TASK DETAILS:
Copy every record exactly, leaving the pictures out.

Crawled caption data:

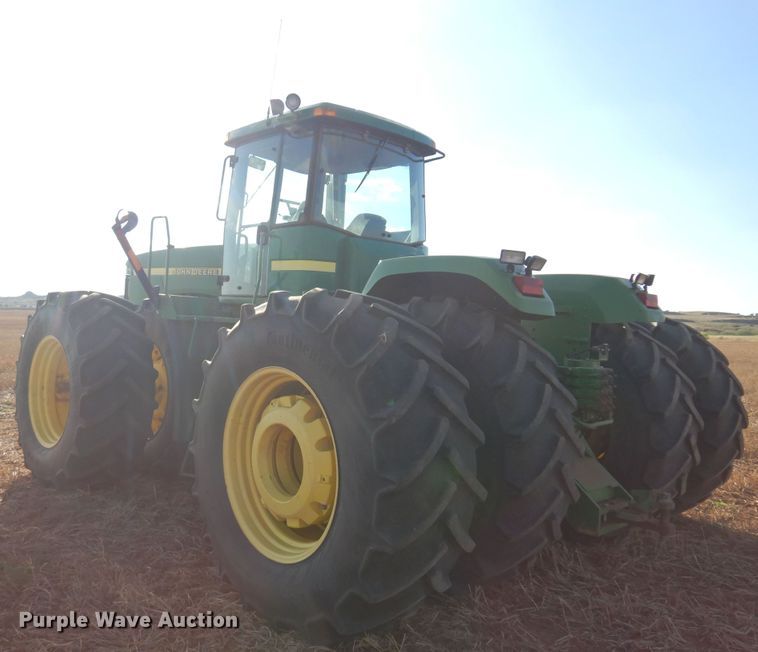 image for item DB7806 2001 John Deere 9300  4WD tractor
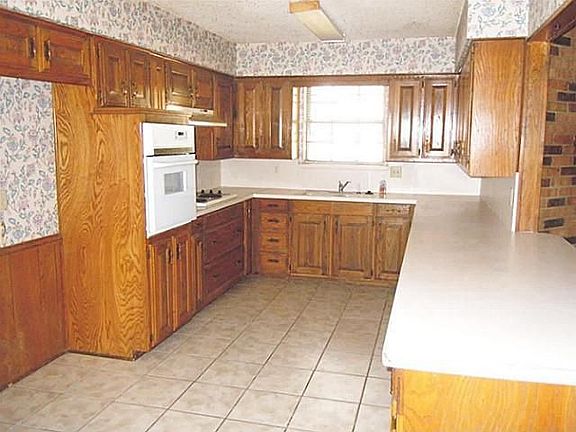 3rd image of 401 Frankie Ln
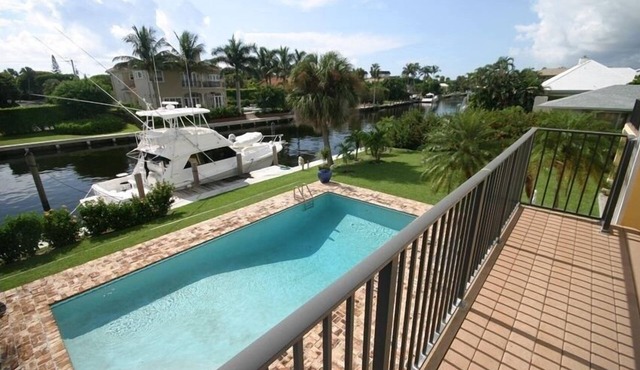 Tropical Palm Beach Waterfront Luxury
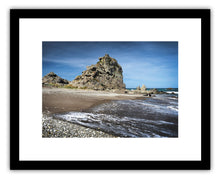 Load image into Gallery viewer, HONEYCOMB ROCK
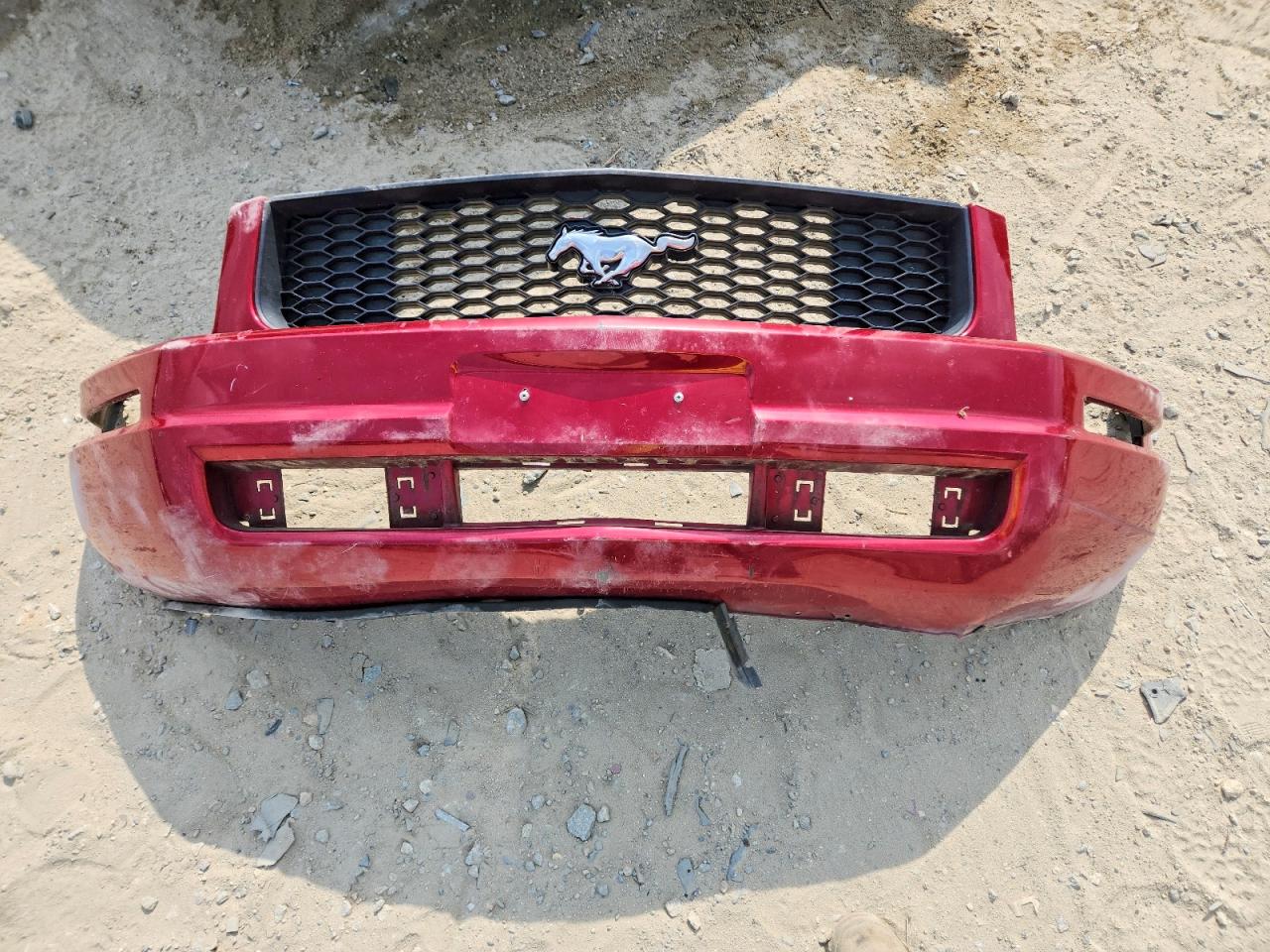 2007 Ford Mustang Red vin: 1ZVFT84N875296773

ANSWER FOR THE TASK:
 image for item DB7806 2001 John Deere 9300  4WD tractor
 3rd image of 401 Frankie Ln
 Tropical Palm Beach Waterfront Luxury
 Load image into Gallery viewer, HONEYCOMB ROCK
 2007 Ford Mustang Red vin: 1ZVFT84N875296773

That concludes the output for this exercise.